Save the optimization results to a text file.

This method appends the results of lambda optimization to a text file, including the file path, constraint levels, values, and optimized lambda values.

Parameters:
  • optimized_lambda (list) – List of optimized lambda values.

  • success (bool) – True if optimization was successful, False otherwise.

  • save_prefix (str, optional) – Prefix for the save file path. Defaults to ‘results/alignValues’.

Example

>>> aligner = AlignValues("all", "results/model-data.json", [0.5, 1.0])
>>> optimized_lambda, success = aligner.optimize_lambda()
>>> aligner._save_results_to_text(optimized_lambda, success)
Results have been appended to results/alignValues.txt
_save_results_to_csv(optimized_lambda, dirichlet_lambda, save_prefix='results/alignValues')

Save the optimization results to a CSV file.

This method appends the results of lambda optimization to a CSV file, including the file path, constraint levels, values, optimized lambda values, and Dirichlet reference lambda values.

Parameters:
  • optimized_lambda (list) – List of optimized lambda values.

  • dirichlet_lambda (list) – List of Dirichlet reference lambda values.

  • save_prefix (str, optional) – Prefix for the save file path. Defaults to ‘results/alignValues’.

Example

>>> aligner = AlignValues("all", "results/model-data.json", [0.5, 1.0])
>>> optimized_lambda, _ = aligner.optimize_lambda()
>>> dirichlet_lambda = [0.3, 0.7]  # Example Dirichlet reference values
>>> aligner._save_results_to_csv(optimized_lambda, dirichlet_lambda)
Results have been appended to results/alignValues.csv
gen_rand_MAP_lambda(num_lambda: int, scaling_MAX: float, save_prefix: str = 'rand_MAP_lambda')

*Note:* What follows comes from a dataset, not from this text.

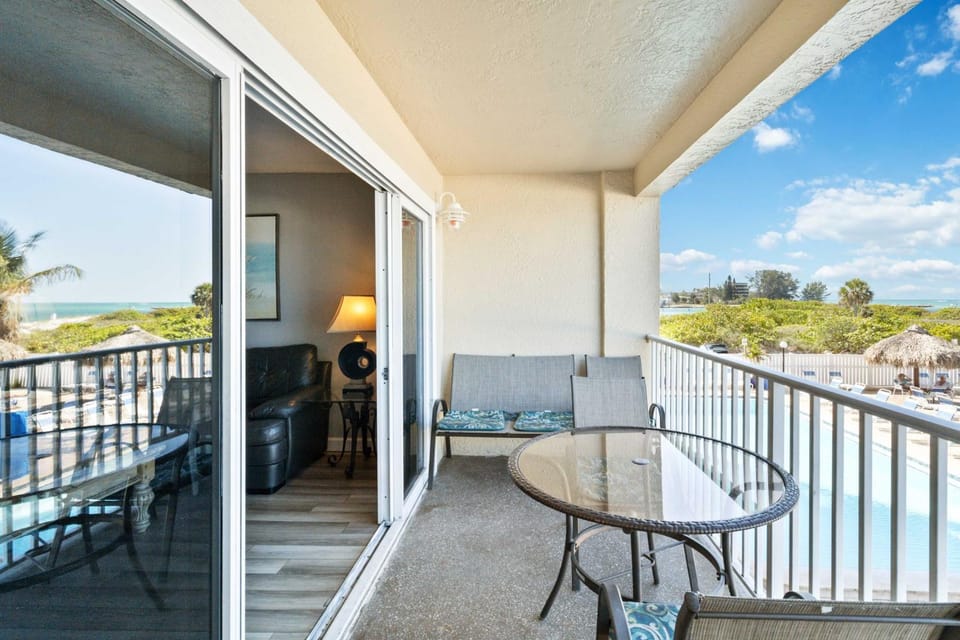 Beachfront - Ocean Views - Beach Place #108 Apartment in Madeira Beach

Generate random MAP lambda values with constraints.

This method generates random lambda values by drawing each c_i randomly between the current c_i and the maximum reward corresponding to value i. It modifies the c values, recalculates lambda, and returns a list of lambda values constrained by scaling_MAX.

Parameters:
  • num_lambda (int) – Number of valid lambda values to generate.

  • scaling_MAX (float) – Maximum allowed L1 norm for the generated lambda values.

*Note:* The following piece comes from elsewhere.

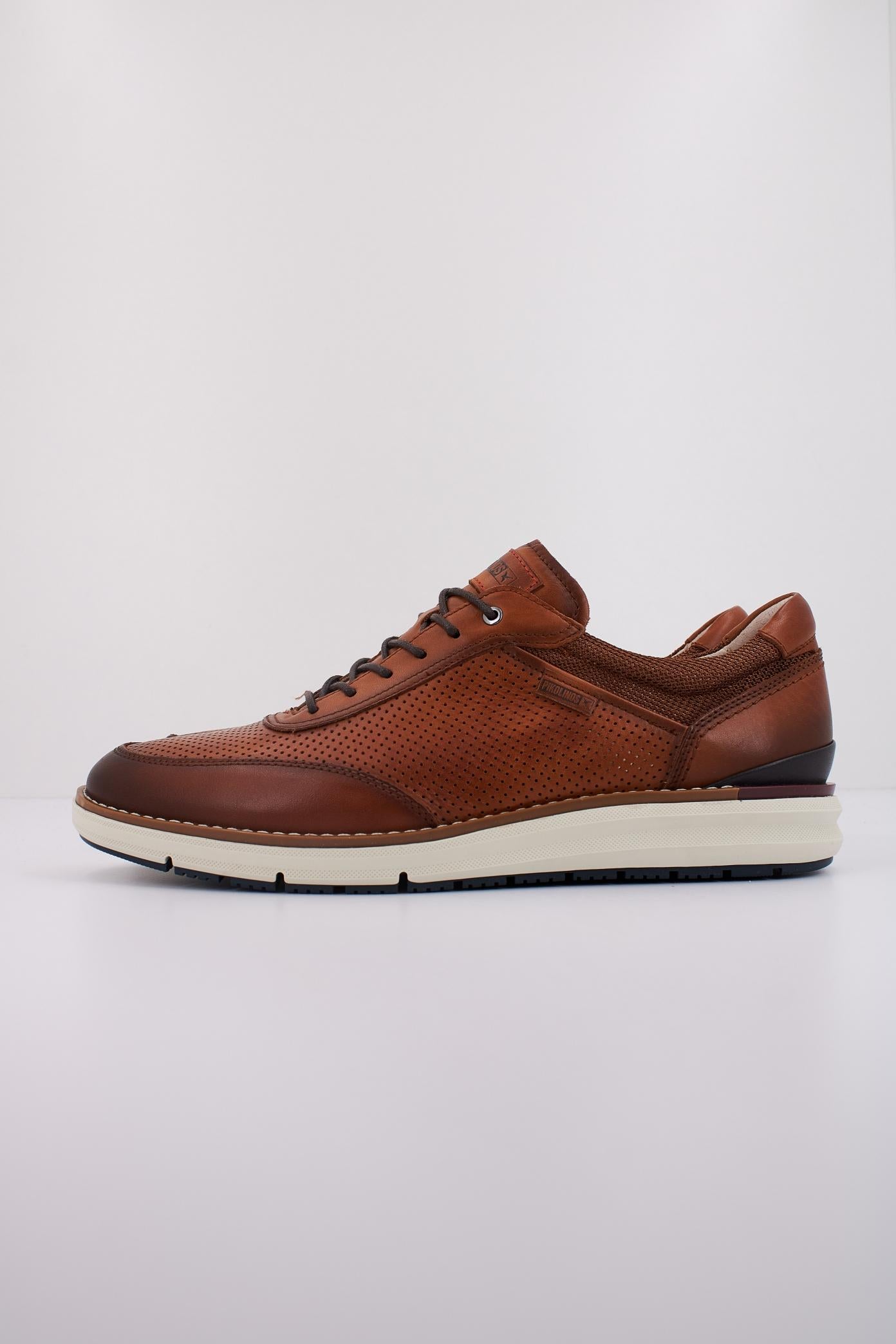 PIKOLINOS MA C en color MARRON (1)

  • save_prefix (str, optional) – Prefix for the save file path. Defaults to ‘rand_MAP_lambda’.

Returns:

A tuple containing:
  • list: Generated lambda values that satisfy the constraints.

  • float: Success rate of lambda generation attempts.

Return type:

tuple

Example

>>> aligner = AlignValues("all", "results/model-data.json", [0.5, 1.0, 1.5])
>>> lambdas, success_rate = aligner.gen_rand_MAP_lambda(10, 5.0)
>>> print(f"Generated {len(lambdas)} lambda values with a success rate of {success_rate:.2%}")

Note

This method temporarily modifies the instance’s c values during execution but restores them to their original values before returning.